:: Records for this exercise ::
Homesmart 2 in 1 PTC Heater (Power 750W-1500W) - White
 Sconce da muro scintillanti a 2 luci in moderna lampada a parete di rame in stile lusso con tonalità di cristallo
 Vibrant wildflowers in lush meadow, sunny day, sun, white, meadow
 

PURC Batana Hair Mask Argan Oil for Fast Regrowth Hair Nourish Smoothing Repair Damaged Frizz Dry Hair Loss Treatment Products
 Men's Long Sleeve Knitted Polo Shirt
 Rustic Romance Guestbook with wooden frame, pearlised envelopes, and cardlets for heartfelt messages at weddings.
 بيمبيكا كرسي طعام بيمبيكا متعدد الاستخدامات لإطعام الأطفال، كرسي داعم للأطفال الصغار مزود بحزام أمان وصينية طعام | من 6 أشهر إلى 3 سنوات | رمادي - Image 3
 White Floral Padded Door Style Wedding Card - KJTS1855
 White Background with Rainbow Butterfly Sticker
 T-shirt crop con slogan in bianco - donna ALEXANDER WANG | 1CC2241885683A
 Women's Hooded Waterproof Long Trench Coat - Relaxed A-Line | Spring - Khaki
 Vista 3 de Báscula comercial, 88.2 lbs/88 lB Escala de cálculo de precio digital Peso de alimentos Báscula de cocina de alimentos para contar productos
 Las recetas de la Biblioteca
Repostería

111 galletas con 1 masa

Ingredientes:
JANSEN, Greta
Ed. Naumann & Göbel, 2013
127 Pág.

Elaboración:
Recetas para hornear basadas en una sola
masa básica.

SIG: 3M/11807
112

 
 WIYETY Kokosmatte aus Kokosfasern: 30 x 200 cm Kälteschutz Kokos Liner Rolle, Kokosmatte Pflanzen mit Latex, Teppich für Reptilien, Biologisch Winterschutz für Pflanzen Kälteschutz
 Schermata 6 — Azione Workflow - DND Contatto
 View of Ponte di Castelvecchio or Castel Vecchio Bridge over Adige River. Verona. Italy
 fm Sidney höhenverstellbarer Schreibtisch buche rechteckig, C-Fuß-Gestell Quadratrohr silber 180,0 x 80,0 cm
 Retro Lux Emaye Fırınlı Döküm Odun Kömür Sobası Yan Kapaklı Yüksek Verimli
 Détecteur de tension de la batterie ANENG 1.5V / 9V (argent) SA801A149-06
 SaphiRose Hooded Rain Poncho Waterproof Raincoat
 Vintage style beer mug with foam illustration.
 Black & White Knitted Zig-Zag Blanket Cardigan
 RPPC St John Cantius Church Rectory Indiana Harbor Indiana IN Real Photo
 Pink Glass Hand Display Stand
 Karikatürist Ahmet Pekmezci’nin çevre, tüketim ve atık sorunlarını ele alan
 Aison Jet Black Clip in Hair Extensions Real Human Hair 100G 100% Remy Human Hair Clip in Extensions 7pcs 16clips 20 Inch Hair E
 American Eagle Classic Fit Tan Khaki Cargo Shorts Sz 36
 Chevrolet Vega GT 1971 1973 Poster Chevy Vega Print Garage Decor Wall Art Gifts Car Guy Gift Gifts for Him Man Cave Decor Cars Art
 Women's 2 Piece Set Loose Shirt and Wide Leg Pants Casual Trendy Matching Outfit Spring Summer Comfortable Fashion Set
:::
Directions for this task:
Return, without any change, only the lines from the one containing "RPPC St John" through the last line of the entries above.

Answer section:
 RPPC St John Cantius Church Rectory Indiana Harbor Indiana IN Real Photo
 Pink Glass Hand Display Stand
 Karikatürist Ahmet Pekmezci’nin çevre, tüketim ve atık sorunlarını ele alan
 Aison Jet Black Clip in Hair Extensions Real Human Hair 100G 100% Remy Human Hair Clip in Extensions 7pcs 16clips 20 Inch Hair E
 American Eagle Classic Fit Tan Khaki Cargo Shorts Sz 36
 Chevrolet Vega GT 1971 1973 Poster Chevy Vega Print Garage Decor Wall Art Gifts Car Guy Gift Gifts for Him Man Cave Decor Cars Art
 Women's 2 Piece Set Loose Shirt and Wide Leg Pants Casual Trendy Matching Outfit Spring Summer Comfortable Fashion Set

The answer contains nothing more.